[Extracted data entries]
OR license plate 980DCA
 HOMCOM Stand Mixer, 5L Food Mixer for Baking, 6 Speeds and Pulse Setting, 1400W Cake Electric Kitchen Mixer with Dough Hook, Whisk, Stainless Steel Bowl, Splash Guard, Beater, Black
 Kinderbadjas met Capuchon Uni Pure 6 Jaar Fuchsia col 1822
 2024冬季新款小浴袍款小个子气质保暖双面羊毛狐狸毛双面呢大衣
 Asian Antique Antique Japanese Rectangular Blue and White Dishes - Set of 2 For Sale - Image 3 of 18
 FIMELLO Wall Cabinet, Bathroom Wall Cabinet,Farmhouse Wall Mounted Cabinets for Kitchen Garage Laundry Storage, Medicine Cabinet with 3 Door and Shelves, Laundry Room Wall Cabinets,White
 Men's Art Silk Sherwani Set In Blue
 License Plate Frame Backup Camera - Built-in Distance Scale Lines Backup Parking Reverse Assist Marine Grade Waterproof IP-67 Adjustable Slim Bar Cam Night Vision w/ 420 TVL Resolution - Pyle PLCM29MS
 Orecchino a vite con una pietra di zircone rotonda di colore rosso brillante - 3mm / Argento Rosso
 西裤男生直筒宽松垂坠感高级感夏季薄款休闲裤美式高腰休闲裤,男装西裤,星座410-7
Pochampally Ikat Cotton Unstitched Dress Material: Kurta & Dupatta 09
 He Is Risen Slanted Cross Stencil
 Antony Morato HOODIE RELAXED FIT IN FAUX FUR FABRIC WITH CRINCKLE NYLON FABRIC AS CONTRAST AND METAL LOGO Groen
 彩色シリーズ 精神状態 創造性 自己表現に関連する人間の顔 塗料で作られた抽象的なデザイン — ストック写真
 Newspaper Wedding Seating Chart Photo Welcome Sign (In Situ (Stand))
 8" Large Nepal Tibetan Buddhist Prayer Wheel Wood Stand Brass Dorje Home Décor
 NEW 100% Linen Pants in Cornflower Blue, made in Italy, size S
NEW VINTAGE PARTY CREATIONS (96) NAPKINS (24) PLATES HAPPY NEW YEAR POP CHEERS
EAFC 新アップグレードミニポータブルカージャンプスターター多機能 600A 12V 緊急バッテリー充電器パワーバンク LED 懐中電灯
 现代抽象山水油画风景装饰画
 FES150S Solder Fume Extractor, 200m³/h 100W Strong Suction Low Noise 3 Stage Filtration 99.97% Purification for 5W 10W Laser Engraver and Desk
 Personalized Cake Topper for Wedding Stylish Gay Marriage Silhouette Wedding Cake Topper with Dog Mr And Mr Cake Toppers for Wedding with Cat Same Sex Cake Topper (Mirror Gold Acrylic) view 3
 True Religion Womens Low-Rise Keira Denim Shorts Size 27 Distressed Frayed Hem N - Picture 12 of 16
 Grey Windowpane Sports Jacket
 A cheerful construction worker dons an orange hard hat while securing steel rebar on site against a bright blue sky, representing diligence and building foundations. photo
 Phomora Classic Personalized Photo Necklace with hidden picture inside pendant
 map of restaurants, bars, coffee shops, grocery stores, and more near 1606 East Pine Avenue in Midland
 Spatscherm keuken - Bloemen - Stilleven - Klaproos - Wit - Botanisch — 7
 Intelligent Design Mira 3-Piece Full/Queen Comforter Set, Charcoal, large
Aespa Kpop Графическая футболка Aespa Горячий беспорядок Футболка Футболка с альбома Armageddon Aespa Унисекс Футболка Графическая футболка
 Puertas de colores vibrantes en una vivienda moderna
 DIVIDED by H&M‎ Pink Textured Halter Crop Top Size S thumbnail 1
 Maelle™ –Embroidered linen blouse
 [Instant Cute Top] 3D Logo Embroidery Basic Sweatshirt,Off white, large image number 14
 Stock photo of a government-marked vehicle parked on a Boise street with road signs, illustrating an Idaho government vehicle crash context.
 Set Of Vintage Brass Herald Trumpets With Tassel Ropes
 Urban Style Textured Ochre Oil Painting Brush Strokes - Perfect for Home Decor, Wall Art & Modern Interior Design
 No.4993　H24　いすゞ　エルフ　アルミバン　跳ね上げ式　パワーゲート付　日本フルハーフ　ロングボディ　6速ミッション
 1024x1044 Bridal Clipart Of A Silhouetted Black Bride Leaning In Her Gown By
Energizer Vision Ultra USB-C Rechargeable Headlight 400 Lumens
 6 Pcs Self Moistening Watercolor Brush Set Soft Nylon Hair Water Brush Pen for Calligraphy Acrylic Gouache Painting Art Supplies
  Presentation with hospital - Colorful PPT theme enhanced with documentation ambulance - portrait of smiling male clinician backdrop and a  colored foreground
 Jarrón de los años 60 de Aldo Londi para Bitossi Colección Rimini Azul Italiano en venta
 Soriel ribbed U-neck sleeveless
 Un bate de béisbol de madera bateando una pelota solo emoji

■ Task directions
Set down the line that contains "Presentation with hospital" exactly. Do the same for each later line of the data, through the end, and add nothing.

■ Worked solution
  Presentation with hospital - Colorful PPT theme enhanced with documentation ambulance - portrait of smiling male clinician backdrop and a  colored foreground
 Jarrón de los años 60 de Aldo Londi para Bitossi Colección Rimini Azul Italiano en venta
 Soriel ribbed U-neck sleeveless
 Un bate de béisbol de madera bateando una pelota solo emoji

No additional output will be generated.